What is and what is not capital expenditure has taxed the minds of judges, tax advisors, Revenue officials, business people and others for more than two centuries. No one has produced a single simple test that will determine the issue in all circumstances. A variety of judicial pronouncements has resulted in recipes that are applicable to particular circumstances but which lead to inconclusive or even incorrect results in others. As the body of case law has expanded the margins of uncertainty have retreated. But those margins remain to this day. Resolving a case on the borderline is far from easy. The various judicial recipes may point to conflicting conclusions. You will have to come to a balanced judgement. To do so you will need to establish the relevant facts that applied at the time the expenditure was incurred.

The day-to-day running costs of a business (staff wages, purchase of trading stock, rent of business premises, and so on) are referred to as revenue expenditure.

Revenue expenditure is sometimes described as circulating capital. This description reflects the fact that the capital in question leaves the owner’s possession (changes masters) to produce profit or loss. The capital may be considered as being ‘turned over’. In the process of turning over, profit or loss ensues.

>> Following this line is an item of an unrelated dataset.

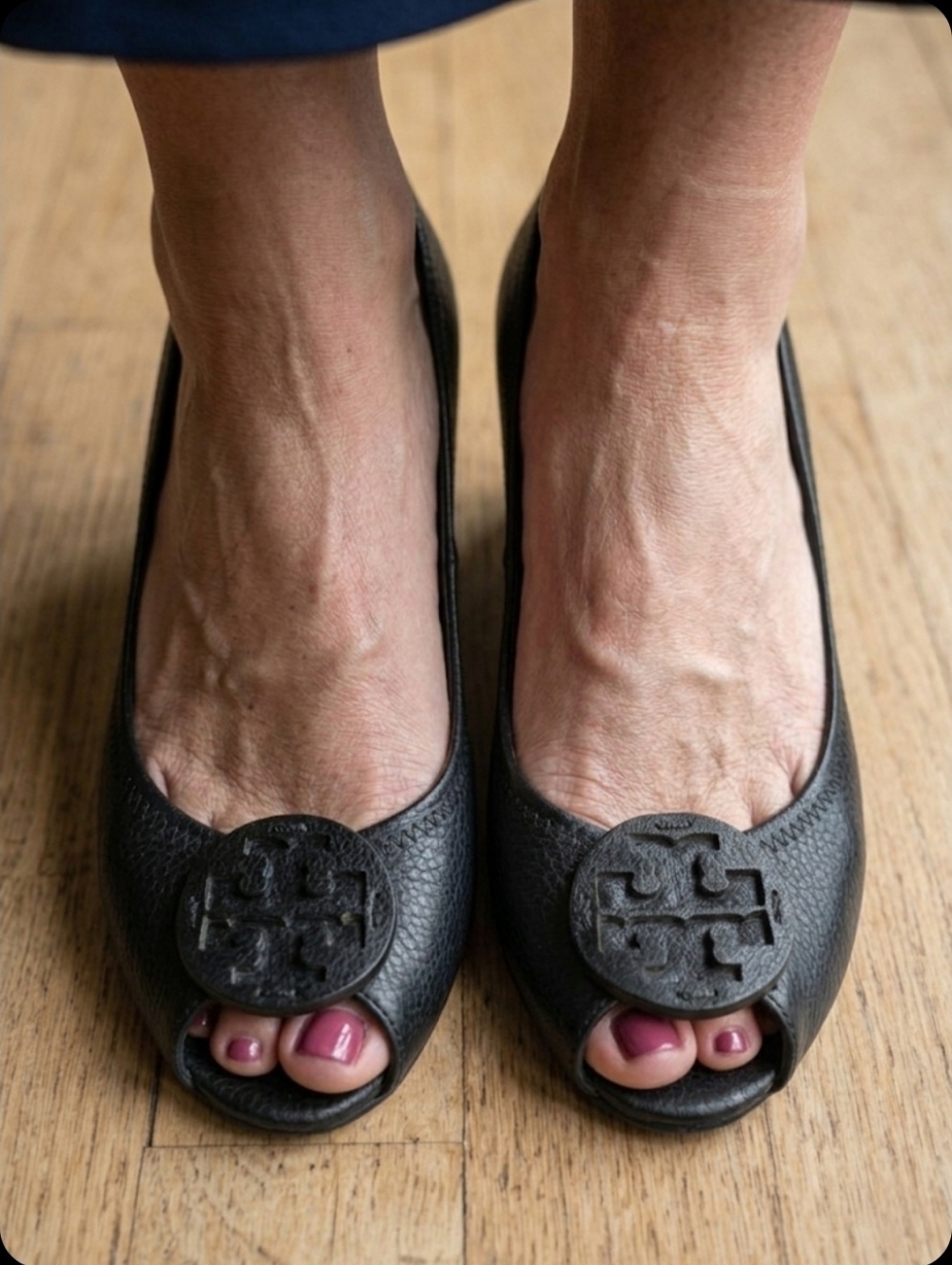 Tory Burch Sally 2 Black Leather Wedges Peep Toe Heels Size 9.5 - Picture 2 of 10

Capital expenditure (goodwill, the purchase of business premises, plant and machinery used in the business process and so on) in practice is the opposite of revenue expenditure.

The profit making structure within which the business is conducted is sometimes called the fixed capital of the business. A trader does not part with the fixed capital (there is no changing of masters); it is retained and not turned over in the same way as circulating capital. The fixed capital provides the opportunity for the business to make profits or losses.

It is important that you recognise at the outset that there is no requirement of symmetry. A sum that represents capital expenditure in the hands of the payer is not thereby a capital receipt in the hands of the recipient. It depends on the nature of the trade.

The capital/revenue distinction also applies in the context of whether a receipt is a taxable receipt of the trade, and the same principles apply.